Mobile device management solutions have long been a staple of federal security efforts, but as mobile technology evolves, untethered users are doing more than just syncing calendars and reading email while on the road. They are also accessing sensitive agency data and interacting with proprietary applications, which opens the door to new security risks.
Agencies need MDM solutions that can do more than just carry out basic administrative tasks. Fortunately, MDM is keeping pace with these demands. "MDM is evolving in many interesting ways, and enhanced security capabilities are one of the most important examples," says Eric Klein, senior analyst at VDC Research.
Case in point: When healthcare providers at the Veterans Affairs Department meet with patients, many carry bureau-provisioned tablets that securely call up patient records. Although the underlying proprietary applications don't allow patient data to be downloaded onto the devices, the VA relies on the AirWatch MDM platform for other security controls, such as knowing the location of each device and who's using it.
"MDM is one of the cornerstones of a successful mobile program," says DJ Kachman, director of mobile technologies and client security for the VA's Enterprise Systems Engineering office. "We use MDM to see how each device is conforming to our policies, including if it's running approved applications and an approved version of the operating system."
Photo: Jimmy Daly
An agency's MDM solution must be flexible enough to handle the different ways that users employ their devices, says ATF's Walter Bigelow.
Verifying the validity of applications is one aspect of mobile application management, an operation that some vendors are combining with MDM solutions to create enterprise mobility management systems. These systems may also come with capabilities for creating secure workspaces that separate corporate and personal data, verify that encryption has been enabled on the device and give IT administrators a way to broadcast messages to mobile users. For example, the VA vets each new version of an operating system. "MDM gives us a consolidated method of communicating with all the users of mobile devices," Kachman says.
He sees bulked-up MDM programs as a positive trend for IT administrators. "It always makes more sense from an infrastructure perspective to have a solution that addresses a variety of capabilities rather than having to integrate a number of different components," Kachman says. "This gives us more control over how we expand going forward."

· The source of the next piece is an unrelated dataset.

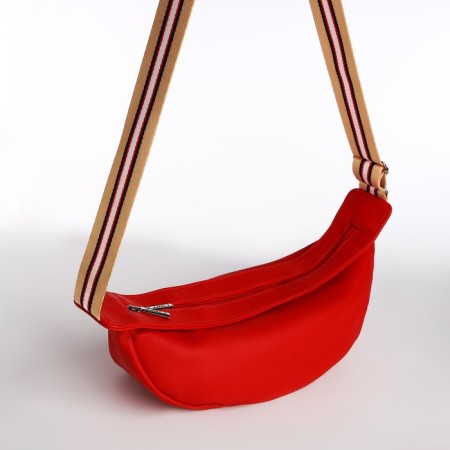 Cross-Bodi, L-Craft on the zipper, long belt, red color-1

These new capabilities come on top of traditional MDM features, such as enforcing password policies, blocking jailbroken devices from logging on to agency networks and turning off device features that violate agency policies. MDM programs can also lock down lost or stolen devices and, when necessary, wipe the data that resides on them.
This feature came in handy for the Equal Employment Opportunity Commission when one of its executives reported losing a smartphone while on a Washington, D.C., Metro train during the morning commute. The agency used its MDM technology — the GO!Enterprise platform from Globo — to turn on the phone's geopositioning feature. The staff quickly determined that the phone was following the path of Metro's Red Line, indicating that it had probably dropped on the floor of a subway car rather than having been stolen. "This gave us insight into what had happened to the device so we could act accordingly," says CIO Kimberly Hancher. "We immediately followed our established procedures: We locked the device and did a full wipe of the data."
As a result, any sensitive government data or contact information that had been on the phone was protected from unauthorized disclosure.
Tailor MDM for Each Role
The Bureau of Alcohol, Tobacco, Firearms and Explosives (ATF) also is deploying flexible MDM systems that let managers easily enable or disable mobile device features. The agency provides smartphones and tablets to a wide range of users, from senior executives to field agents. The agency uses these devices to give users access to investigative reports, videos, calendars and email, as well as public mapping applications. ATF uses a combination of MDM solutions from Good Technology and AirWatch to administer and secure the devices.
"It's important to understand the various use cases and how agents may use mobile devices differently than managers and administrators," says Walter Bigelow, chief of ATF's IT Services Management Division. For example, the bureau disables Bluetooth communications on many of the smartphones it provides to staff members to reduce security risks. Phones for some field agents are an exception. "Agents who spend a lot of time in the car need hands-free capabilities," Bigelow says. "Otherwise, if you're holding a phone in one hand and a gun in the other, there aren't any hands left for the steering wheel."
NIST's Mobile Security Guidelines
MDM is just one element of an in-depth defense strategy for mobility. The National Institute of Standards and Technology's Guidelines for Managing the Security of Mobile Devices in the Enterprise updated its mobile security recommendations, originally published in 2008.
Among the recommendations are that agencies institute a mobile device security policy and secure each agency-issued device before providing it to a user. The publication includes guidance on securing organization-provided devices as well as personal smartphones and tablets used for work purposes.